Dr. Bertrum Lazarus Ware
Text from Centennial History of Arkansas
Vol 2&3 1922
Numbered among the alumni of the University of Arkansas, in which be completed his medical course, Dr. Bertrum Lazarus Ware is engaged
in practice as a physician and surgeon at Greenwood. He was born in 1883, in the vicinity of the city in which he makes his home, and is
a representative of one of the old pioneer families of the state. His parents are George L. and Piety (Woodham) Ware. The paternal grandfather,
Lazarus Ware, married a Miss Dickson and removed from North Carolina to Georgia. It was in the latter state that George L. Ware
was born and reared. In early life he learned the blacksmith's trade, which he followed in his native state before coming to Arkansas. While
there residing he was united in marriage to Miss Piety Woodham, who was a daughter of Aaron Woodham. The maternal grandfather of
Dr. Ware, Aaron Woodham, removed from Tennessee to Alabama and married a Miss Wilson. He fought with the Confederate forces in the
Civil war. Following their marriage Mr. and Mrs. George L. Ware began their domestic life in Georgia, and on coming to Arkansas settled
three miles east of Greenwood, where Mr. Ware opened a blacksmith shop and also followed shoemaking. He later established a general store
at Fidelity and subsequently opened a general store in Greenwood, which he still conducts in partnership with his son, M. N. Ware,
who is mentioned elsewhere in this work. From early pioneer times, therefore, the family has taken active and helpful part in the material
development and substantial upbuilding of their section of the state.

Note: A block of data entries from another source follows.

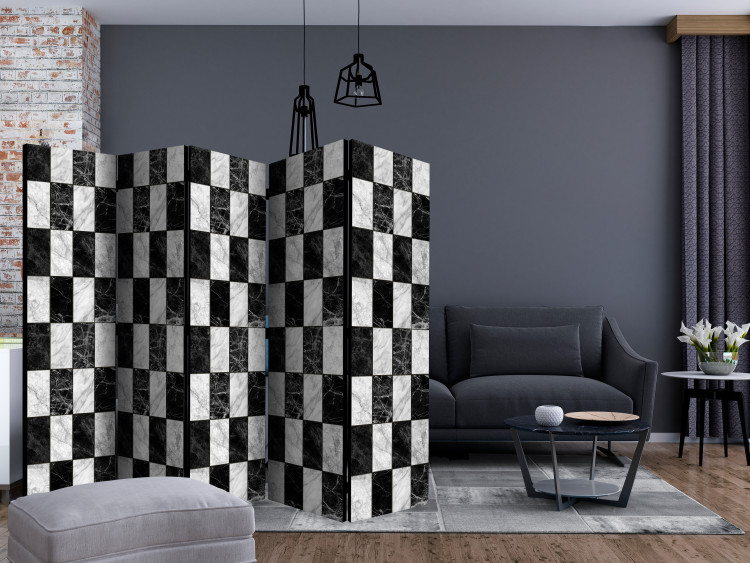 Room Divider Screen Checkerboard II (5-piece) - black and white marble-like pattern 124155 additionalImage 4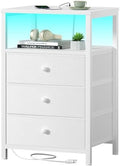 BOLUO White Night Stand with 3 Fabric Drawers, Nightstand with Charging Station LED Nightstand for Bedroom, Bedside Table with USB Ports and Outlets Modern by BOLUO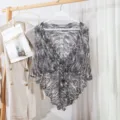 Damen Strick Schal Strand Poncho offene Vorderseite Bolero lässiger Umhang Sommer Kleidung. - Schwarz und Grau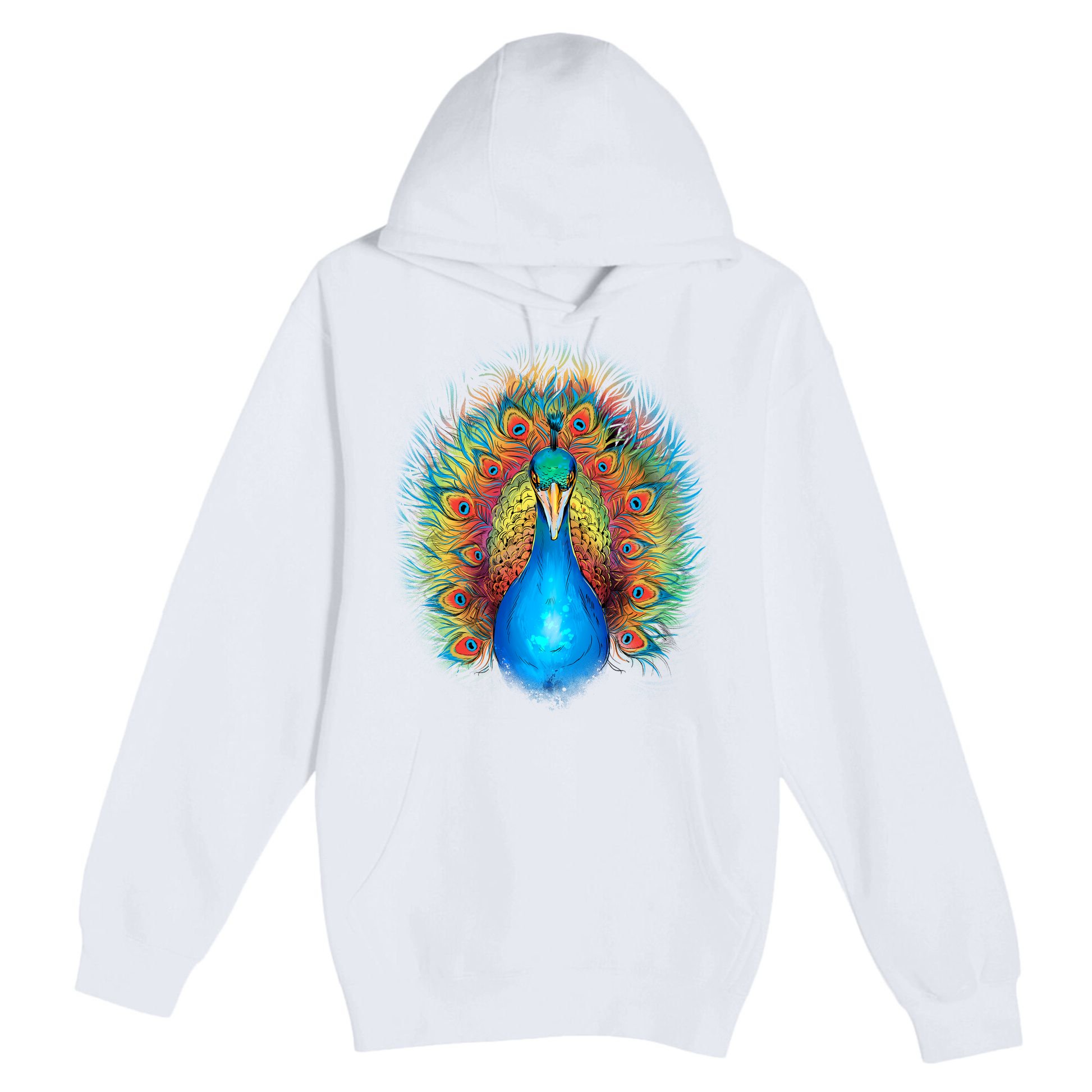 Colorful Peacock Art Premium Pullover Hoodie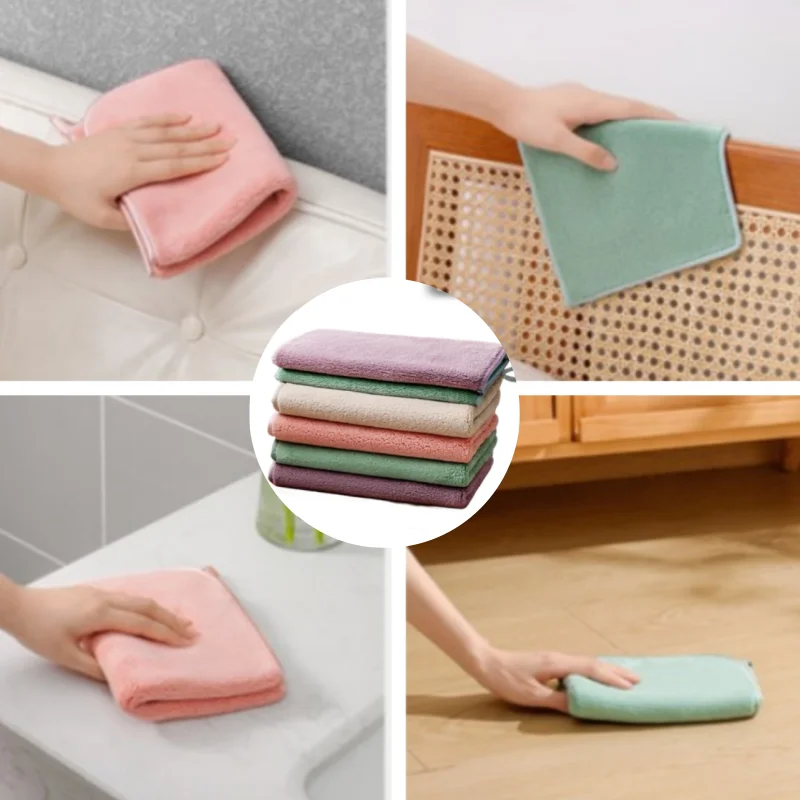 Thickened Home Cleaning Cloths Household Absorbent Towel Double Layer Wash Rags Multifunctional Microfibre Wipes with Lanyard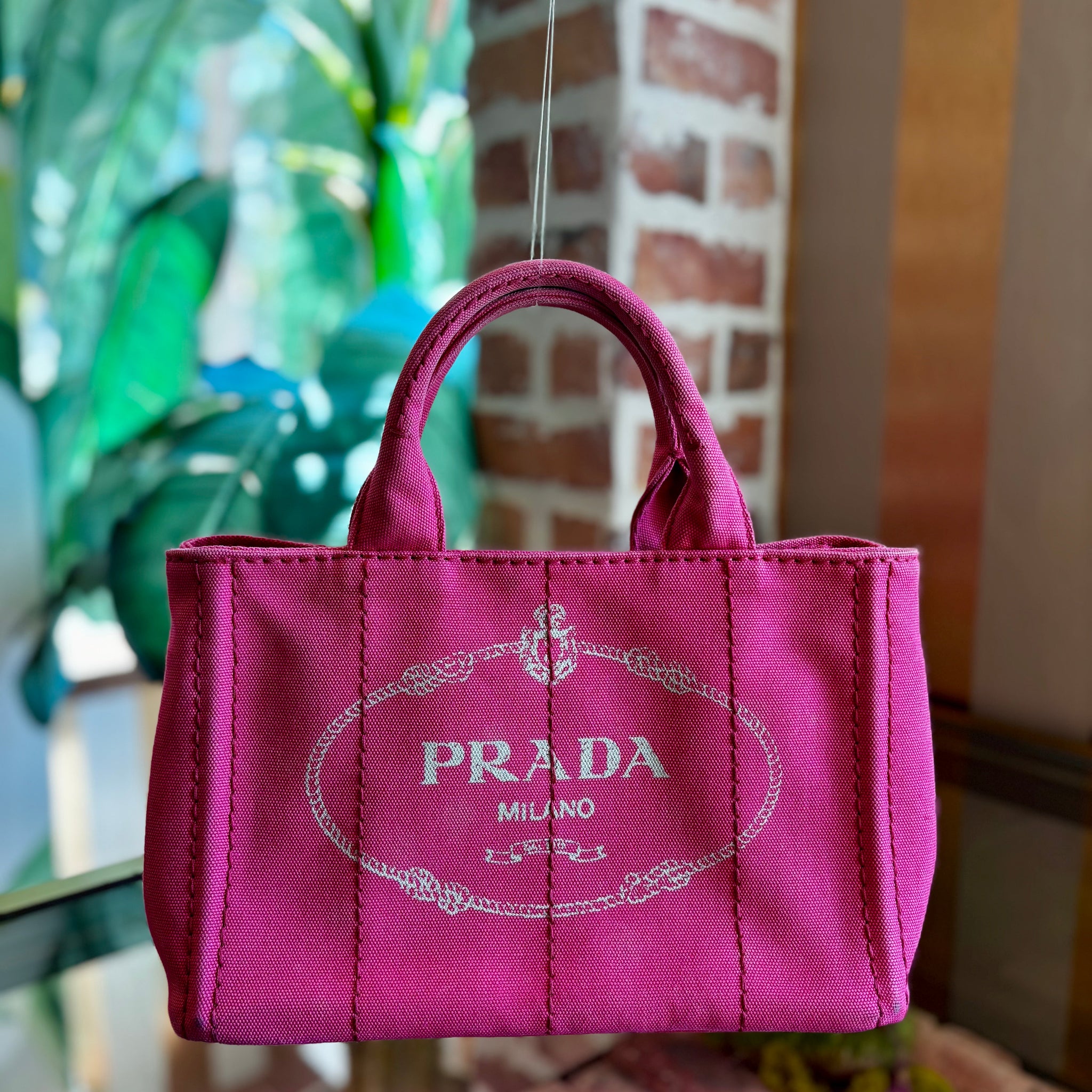 PRADA Pink Mini Canapa Tote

Dr. Ware was educated in the schools of Greenwood, passing through consecutive grades to his graduation from the high school, and in
the University of Arkansas at Fayetteville, while later he became a student in the medical department of that institution, and when he had
completed his course there he put his theoretical knowledge to the practical test by doing hospital work for two years in Little Rock at
Logan H. Roots Memorial Hospital. In 1912 he opened an office in Greenwood, where he has remained through the intervening period of a decade,
and as the years have passed his practice has steadily expanded and has likewise grown in importance. During the late war he was the medical
member of the local board of Sebastian county and, moreover, was the first member of the board, on which David Davis served as the
original chairman, being later succeeded by John W. Bell. Olin Brewer was the secretary and Madge McNally the chief clerk.
This board did important work during the progress of the war.
Before and since that time Dr. Ware has enjoyed a successful practice and he is also connected with the business interests of Greenwood
as a director of the Farmers State Bank.
Pleasantly situated in his home life, Dr. Ware was married in 1910 to Miss Bessie Chandler, a daughter of Frank Chandler,
and they have become the parents of two sons and a daughter: Earl E., Prentiss E. and Ester Marie.
Fraternally Dr. Ware is well known, belonging to the Knights of Pythias, the Ancient Order of United Workmen and the Woodmen of the World.
He is also a Free and Accepted Mason. He is a charter member of the Chi Zeta Chi, a medical college fraternity, and he was a delegate to the
Baltimore convention of that society in 1909. He belongs to the Methodist Episcopal church, in which he is serving as a. steward, and at all
times he manifests keen and helpful interest in the work of the church, doing all in his power to promote its growth and extend its influence.